> Work required
Copy the records below exactly. Include all of them.

> Records
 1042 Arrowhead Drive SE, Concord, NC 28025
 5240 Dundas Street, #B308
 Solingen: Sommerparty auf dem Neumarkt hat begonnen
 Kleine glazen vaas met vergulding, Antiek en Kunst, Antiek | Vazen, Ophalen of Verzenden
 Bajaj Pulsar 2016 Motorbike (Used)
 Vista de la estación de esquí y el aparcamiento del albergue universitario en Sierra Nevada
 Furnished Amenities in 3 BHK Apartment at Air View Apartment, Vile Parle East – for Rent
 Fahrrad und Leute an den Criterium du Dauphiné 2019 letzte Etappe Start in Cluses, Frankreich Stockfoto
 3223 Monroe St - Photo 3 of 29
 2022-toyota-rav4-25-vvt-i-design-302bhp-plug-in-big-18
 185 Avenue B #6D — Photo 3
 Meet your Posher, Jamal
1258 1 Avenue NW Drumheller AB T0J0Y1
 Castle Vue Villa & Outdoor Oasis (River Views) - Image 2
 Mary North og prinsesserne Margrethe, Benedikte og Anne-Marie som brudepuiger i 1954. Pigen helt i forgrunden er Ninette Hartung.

> Solution below
 1042 Arrowhead Drive SE, Concord, NC 28025
 5240 Dundas Street, #B308
 Solingen: Sommerparty auf dem Neumarkt hat begonnen
 Kleine glazen vaas met vergulding, Antiek en Kunst, Antiek | Vazen, Ophalen of Verzenden
 Bajaj Pulsar 2016 Motorbike (Used)
 Vista de la estación de esquí y el aparcamiento del albergue universitario en Sierra Nevada
 Furnished Amenities in 3 BHK Apartment at Air View Apartment, Vile Parle East – for Rent
 Fahrrad und Leute an den Criterium du Dauphiné 2019 letzte Etappe Start in Cluses, Frankreich Stockfoto
 3223 Monroe St - Photo 3 of 29
 2022-toyota-rav4-25-vvt-i-design-302bhp-plug-in-big-18
 185 Avenue B #6D — Photo 3
 Meet your Posher, Jamal
1258 1 Avenue NW Drumheller AB T0J0Y1
 Castle Vue Villa & Outdoor Oasis (River Views) - Image 2
 Mary North og prinsesserne Margrethe, Benedikte og Anne-Marie som brudepuiger i 1954. Pigen helt i forgrunden er Ninette Hartung.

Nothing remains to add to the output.